Soto-Martinez and Mayor Karen Bass carried out their own encampment operation in the area two weeks ago, taking dozens of homeless people from streets near Echo Park Lake and moving them into hotels in downtown and Silver Lake. Since then, Soto-Martinez has promised to send outreach workers into the park seven days a week to ensure that it remains safe and people do not move back.

“We look forward to continuing our work with the community to achieve our shared goals for the park, which include … ensuring Echo Park Lake is safe, clean and accessible for all,” Soto-Martinez said in a statement.

Some who were in the park on Monday morning had their doubts.

Reina Moreno, who walks in the park each day, said she does not want to see the park again filled with trash and human waste. Moreno, who lives nearby, said she’s OK with crews taking down the chain-link barrier — “as long as they put up another one.”

“If there is security here 24/7, then there won’t be a problem,” the 57-year-old hairstylist said. “But if they’re not taking care of it, then there should be a fence — permanent.”

Some residents who live closer to the lake have voiced similar concerns, calling for a nicer, permanent fence. They said the park was the backdrop for fistfights, shootings and fatal overdoses — including one involving an 18-year-old from San Diego County — when the encampment was at its peak.

Homeless advocacy groups have sought to counter the idea that the encampment was dangerous, calling it a “beautiful and much-lauded homeless-run outdoor community” that offered security, stability and “healing for drug addiction and mental illness.” Some argued that a fence would do nothing to address homelessness and other societal ills.

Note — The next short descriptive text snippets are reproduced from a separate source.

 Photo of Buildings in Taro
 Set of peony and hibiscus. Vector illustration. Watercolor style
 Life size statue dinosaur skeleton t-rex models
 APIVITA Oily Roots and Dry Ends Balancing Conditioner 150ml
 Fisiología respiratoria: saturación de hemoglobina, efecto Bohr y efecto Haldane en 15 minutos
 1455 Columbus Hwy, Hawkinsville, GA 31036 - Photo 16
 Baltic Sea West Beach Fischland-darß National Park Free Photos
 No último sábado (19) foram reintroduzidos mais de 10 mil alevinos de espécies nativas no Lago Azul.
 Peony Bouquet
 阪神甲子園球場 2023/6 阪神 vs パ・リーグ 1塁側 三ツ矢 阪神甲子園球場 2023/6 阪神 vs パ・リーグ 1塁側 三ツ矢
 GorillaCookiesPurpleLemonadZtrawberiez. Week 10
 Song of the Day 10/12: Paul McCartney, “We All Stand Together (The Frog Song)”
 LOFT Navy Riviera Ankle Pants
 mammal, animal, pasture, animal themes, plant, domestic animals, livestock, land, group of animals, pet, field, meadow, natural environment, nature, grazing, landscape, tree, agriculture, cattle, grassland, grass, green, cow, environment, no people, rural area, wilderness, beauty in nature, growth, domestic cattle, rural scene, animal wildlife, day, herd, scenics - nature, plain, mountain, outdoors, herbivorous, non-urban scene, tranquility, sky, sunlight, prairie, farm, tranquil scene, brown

Spencer Bowman, 25, was excited to see the fence come down. Seated on a bench facing the lake, he called the fence “an eyesore and a monument to that ugly period.”

“It only seems to exclude and it is visually metal and gray and ugly,” said Bowman, who works in post-production.

Two years ago, an encampment with nearly 200 tents covered much of the park, occupying nearly all of the grassy areas on the Glendale Boulevard side and much of its northern end. Hundreds of people showed up to protest the encampment’s removal, leading to clashes between L.A. police officers and demonstrators, as well as scores of arrests.

On Monday, one of the workers removing sections of chain-link described the heated atmosphere in 2021, when he and others were installing the fence.

“We were getting yelled at by everybody,” said the worker, who declined to give his name.

In November, Soto-Martinez defeated Councilmember Mitch O’Farrell, who had not taken a position on the fence, saying he would follow the community’s wishes on whether it should become permanent.

Soto-Martinez said earlier this month that voters in the district, which stretches from Echo Park to Hollywood and Glassell Park, chose to take the fence down when they elected him as their council member since he had repeatedly promised to remove it during his campaign.

Echo Park, one of the city’s most scenic open spaces, received a $45-million renovation a decade ago, which introduced new wetlands to various corners of the lake. In 2021, the Recreation and Parks Department allocated up to $600,000 for cleanup and repairs needed following the encampment’s removal. A year later, O’Farrell committed $500,000 for a “needs assessment” of the park.

Soto-Martinez had been somewhat vague in recent weeks about the exact date of the fence’s removal. In a recent statement, he said only that it would be gone by the end of Friday.

For weeks, Soto-Martinez has promised to have teams of unarmed responders available at the park during nighttime hours. City crews recently posted notices saying that one block of Lemoyne Street, between the lake and Sunset Boulevard, would be the site of a major sanitation cleaning on Wednesday.

Gil Mangaoang, who lives across from the lake’s lotus bed, was not reassured. Mangaoang, who belongs to a group that has lobbied for a permanent fence, said he and his neighbors will work in the coming weeks to ensure the park remains clean and secure.

If crime and violence do return to the park, Soto-Martinez “will be a one-term council member,” Mangaoang said.